We have recently uncovered the Pss exopolysaccharide (EPS) as an underappreciated factor strongly promoting listerial colonization of plant surfaces (Fulano et al., 2023). The Pss EPS is synthesized by L. monocytogenes at high intracellular concentrations of the second messenger, c-di-GMP (Chen et al., 2014). The association of increased c-di-GMP levels with the EPS synthesis and the biofilm lifestyle is common to many species of bacteria (Römling et al., 2013). In L. monocytogenes, the Pss EPS promotes the colonization of fruit and vegetables but does not significantly affect colonization of the manmade materials, such as steel, glass or plastics. The extent of EPS-mediated colonization depends on the nature and roughness of plant surfaces. For example, the Pss increases listerial colonization of the smooth surfaces of cantaloupe flesh by 2 to 3-fold, whereas colonization of the netted surfaces of cantaloupe rind is increased by 12-fold (Fulano et al., 2023). From the standpoint of produce safety, not only primary attachment but also survival of bacteria within the EPS-containing biofilms is important, and survival is known to greatly improve due to enhanced tolerance of various stresses (Flemming et al., 2016). On the fresh produce surfaces, L. monocytogenes may experience desiccation during storage and transportation (Esbelin et al., 2018), and subsequently acid stress during passage through the stomach acid following consumption of the contaminated produce (Tennant et al., 2008). Survival of each of these stresses is increased by 6 to 100-fold in the Pss EPS-biofilms. We estimated that better surface colonization and higher survival of desiccation and acid stress, combined, give the EPS-synthesizing L. monocytogenes strains an enormous, 102 to 104-fold, advantage over the nonsynthesizing strains in reaching the small intestine of consumers where L. monocytogenes establishes infection (Fulano et al., 2023).

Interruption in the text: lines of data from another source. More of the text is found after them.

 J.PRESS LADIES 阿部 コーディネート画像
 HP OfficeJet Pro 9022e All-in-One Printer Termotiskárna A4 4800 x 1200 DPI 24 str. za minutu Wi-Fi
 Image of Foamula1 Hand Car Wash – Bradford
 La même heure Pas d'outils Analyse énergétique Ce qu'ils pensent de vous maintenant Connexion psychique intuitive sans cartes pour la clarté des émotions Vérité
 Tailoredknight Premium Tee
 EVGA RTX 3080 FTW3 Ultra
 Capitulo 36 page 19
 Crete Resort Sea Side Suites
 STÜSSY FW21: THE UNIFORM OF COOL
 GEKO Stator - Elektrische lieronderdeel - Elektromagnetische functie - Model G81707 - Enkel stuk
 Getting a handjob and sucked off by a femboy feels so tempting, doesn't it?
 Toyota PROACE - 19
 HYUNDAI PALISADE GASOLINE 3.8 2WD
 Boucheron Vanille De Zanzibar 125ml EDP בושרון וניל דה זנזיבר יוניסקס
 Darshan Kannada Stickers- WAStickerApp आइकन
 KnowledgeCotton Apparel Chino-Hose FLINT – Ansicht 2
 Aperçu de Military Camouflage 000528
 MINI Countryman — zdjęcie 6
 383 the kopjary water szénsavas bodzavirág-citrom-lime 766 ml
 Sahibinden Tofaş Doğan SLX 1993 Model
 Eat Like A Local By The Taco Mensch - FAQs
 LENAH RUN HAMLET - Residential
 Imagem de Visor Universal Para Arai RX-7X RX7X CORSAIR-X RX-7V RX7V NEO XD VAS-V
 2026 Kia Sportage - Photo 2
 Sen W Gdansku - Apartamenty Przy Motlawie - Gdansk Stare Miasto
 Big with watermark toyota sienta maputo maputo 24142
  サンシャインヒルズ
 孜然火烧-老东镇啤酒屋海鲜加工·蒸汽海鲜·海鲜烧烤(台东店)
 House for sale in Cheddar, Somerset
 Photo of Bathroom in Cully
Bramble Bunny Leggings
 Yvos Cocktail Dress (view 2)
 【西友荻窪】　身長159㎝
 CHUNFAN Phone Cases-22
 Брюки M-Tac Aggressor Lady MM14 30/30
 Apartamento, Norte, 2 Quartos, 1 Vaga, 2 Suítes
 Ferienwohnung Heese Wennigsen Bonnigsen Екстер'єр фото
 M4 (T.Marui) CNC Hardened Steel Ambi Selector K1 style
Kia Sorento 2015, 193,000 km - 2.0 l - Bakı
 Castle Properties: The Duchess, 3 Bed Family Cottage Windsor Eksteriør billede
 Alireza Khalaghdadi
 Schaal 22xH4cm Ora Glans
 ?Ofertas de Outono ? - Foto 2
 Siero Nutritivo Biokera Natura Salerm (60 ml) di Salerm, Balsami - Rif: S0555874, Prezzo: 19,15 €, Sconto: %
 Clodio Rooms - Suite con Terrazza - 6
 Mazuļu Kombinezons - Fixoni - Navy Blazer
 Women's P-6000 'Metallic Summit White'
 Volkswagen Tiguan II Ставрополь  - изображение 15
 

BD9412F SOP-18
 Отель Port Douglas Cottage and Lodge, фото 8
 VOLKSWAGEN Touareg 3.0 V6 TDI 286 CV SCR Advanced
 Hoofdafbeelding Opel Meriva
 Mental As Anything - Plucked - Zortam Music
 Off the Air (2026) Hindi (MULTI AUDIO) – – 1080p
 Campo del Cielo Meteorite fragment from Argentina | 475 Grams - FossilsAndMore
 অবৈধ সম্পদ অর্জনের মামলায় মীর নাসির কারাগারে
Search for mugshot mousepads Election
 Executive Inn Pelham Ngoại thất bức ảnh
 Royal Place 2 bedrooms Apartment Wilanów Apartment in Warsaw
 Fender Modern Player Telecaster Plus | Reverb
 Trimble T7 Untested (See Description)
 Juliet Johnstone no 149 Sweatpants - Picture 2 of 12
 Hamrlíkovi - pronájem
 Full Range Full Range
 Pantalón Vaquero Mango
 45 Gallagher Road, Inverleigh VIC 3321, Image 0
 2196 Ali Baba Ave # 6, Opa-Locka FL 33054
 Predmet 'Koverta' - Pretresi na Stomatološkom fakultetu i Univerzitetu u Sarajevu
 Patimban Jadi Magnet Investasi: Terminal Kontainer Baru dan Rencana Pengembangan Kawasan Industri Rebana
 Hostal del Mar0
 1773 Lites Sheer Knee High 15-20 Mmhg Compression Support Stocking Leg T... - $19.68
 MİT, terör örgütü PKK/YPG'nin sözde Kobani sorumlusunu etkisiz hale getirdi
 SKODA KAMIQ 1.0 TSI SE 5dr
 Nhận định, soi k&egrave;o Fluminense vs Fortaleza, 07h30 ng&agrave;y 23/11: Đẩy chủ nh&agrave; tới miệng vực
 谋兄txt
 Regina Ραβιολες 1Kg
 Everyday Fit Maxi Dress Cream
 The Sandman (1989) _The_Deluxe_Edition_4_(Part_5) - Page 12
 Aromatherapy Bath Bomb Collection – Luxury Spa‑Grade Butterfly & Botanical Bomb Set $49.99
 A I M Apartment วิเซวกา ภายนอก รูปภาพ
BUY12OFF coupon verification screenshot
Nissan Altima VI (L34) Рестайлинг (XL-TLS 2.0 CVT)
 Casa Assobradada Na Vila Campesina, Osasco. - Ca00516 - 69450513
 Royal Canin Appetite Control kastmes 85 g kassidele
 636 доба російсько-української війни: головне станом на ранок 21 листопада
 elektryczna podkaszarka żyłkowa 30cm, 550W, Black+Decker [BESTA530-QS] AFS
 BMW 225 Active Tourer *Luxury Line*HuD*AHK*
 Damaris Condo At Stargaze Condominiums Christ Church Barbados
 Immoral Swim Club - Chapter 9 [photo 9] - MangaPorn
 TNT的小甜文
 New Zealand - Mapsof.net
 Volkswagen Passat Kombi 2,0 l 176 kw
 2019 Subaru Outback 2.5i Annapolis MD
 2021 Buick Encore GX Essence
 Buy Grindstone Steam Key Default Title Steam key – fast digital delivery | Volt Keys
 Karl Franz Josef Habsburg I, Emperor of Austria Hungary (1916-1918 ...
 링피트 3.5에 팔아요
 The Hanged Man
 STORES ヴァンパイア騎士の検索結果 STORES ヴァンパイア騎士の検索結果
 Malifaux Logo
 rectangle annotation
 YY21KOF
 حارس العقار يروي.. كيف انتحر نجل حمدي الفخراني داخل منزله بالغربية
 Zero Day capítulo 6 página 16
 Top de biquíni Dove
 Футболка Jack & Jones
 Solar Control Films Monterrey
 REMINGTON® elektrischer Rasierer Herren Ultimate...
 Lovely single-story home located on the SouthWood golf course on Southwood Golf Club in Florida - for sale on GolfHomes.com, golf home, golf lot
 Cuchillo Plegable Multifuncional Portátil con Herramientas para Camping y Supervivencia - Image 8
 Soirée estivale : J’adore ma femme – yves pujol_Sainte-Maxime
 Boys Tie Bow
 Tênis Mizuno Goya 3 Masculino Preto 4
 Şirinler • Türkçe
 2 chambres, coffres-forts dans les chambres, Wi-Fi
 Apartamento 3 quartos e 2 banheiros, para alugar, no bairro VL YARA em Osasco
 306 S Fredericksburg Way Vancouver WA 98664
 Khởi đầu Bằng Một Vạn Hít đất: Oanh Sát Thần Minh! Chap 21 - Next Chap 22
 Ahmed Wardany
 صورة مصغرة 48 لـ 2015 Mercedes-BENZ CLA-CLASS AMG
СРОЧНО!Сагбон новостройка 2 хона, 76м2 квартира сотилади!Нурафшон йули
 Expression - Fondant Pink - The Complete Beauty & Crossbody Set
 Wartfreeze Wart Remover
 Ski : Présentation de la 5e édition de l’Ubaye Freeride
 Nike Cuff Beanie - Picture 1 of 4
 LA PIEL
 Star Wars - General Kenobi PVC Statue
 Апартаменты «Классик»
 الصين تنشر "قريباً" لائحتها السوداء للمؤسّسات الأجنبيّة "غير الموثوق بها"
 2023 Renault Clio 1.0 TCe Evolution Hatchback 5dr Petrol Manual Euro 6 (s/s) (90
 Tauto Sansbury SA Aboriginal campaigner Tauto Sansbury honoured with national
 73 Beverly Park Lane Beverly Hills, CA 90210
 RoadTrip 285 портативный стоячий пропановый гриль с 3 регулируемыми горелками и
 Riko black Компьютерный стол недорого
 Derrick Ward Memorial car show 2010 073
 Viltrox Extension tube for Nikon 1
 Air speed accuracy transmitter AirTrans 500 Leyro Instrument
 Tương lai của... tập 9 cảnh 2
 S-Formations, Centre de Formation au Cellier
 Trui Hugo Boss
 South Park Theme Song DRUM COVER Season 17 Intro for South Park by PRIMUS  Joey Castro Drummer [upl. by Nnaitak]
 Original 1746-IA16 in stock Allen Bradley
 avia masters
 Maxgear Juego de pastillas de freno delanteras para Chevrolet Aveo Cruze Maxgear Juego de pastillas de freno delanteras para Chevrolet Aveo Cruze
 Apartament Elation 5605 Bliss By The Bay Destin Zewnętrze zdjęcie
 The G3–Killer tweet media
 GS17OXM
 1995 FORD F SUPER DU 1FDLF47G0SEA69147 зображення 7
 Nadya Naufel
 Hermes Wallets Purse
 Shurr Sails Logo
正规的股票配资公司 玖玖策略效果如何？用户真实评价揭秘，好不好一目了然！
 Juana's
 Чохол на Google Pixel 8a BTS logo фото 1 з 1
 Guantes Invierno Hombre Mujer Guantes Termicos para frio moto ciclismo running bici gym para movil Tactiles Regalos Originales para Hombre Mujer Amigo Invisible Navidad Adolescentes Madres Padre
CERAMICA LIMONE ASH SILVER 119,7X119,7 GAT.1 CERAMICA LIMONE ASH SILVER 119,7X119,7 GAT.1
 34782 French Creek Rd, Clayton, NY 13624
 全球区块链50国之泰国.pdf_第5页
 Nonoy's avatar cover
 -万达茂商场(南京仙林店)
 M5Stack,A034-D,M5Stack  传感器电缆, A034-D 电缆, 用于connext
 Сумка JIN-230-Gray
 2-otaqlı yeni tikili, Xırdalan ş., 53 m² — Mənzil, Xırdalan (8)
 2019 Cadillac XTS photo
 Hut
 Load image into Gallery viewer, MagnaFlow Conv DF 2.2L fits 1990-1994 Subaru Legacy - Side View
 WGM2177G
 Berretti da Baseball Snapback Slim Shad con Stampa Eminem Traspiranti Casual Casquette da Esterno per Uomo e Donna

The Pss EPS is the only known cell-attached EPS synthesized by listeria. It is made of the repeating trisaccharide unit, {4)-β-ManpNAc-(1–4)-[α-Galp-(1–6)]-β-ManpNAc-(1-} (Köseoğlu et al., 2015). The biosynthetic pathway of this EPS is encoded in the pss operon, which is highly conserved among listerial strains. It belongs to the L. monocytogenes core genome derived from 1,696 genome sequences from the isolates from various sources and geographic locations (Moura et al., 2016). The pss operon is also ubiquitously present in non-monocytogenes species of Listeria, suggesting the importance of the Pss EPS for environmental survival (Chen et al., 2014). At present, we know little about factors promoting the Pss EPS synthesis, aside from the understanding that it requires high levels of the intracellular second messenger, c-di-GMP. Cyclic di-GMP acts via the PssE effector, which likely activates the PssC glycosyltransferase, the key synthetic enzyme in making the Pss polymer (Chen et al., 2014).

The Pss EPS hydrolase, designated PssZ, is involved in the pruning of the growing Pss chains during synthesis and in the hydrolysis of the pre-formed Pss EPS, a process necessary for bacterial escape from the EPS-biofilm matrix. When added exogenously, the PssZ hydrolase disperses EPS-biofilms. Therefore, PssZ can be used as an antibiofilm agent (Köseoğlu et al., 2015). However, the application of PssZ or other EPS hydrolytic enzymes at large scale may be prohibitively expensive. Therefore, finding abundant yet inexpensive natural products that inhibit the formation of the EPS-biofilms in L. monocytogenes and/or promote dispersion of the EPS-biofilms is of significant interest (Oloketuyi and Khan, 2017).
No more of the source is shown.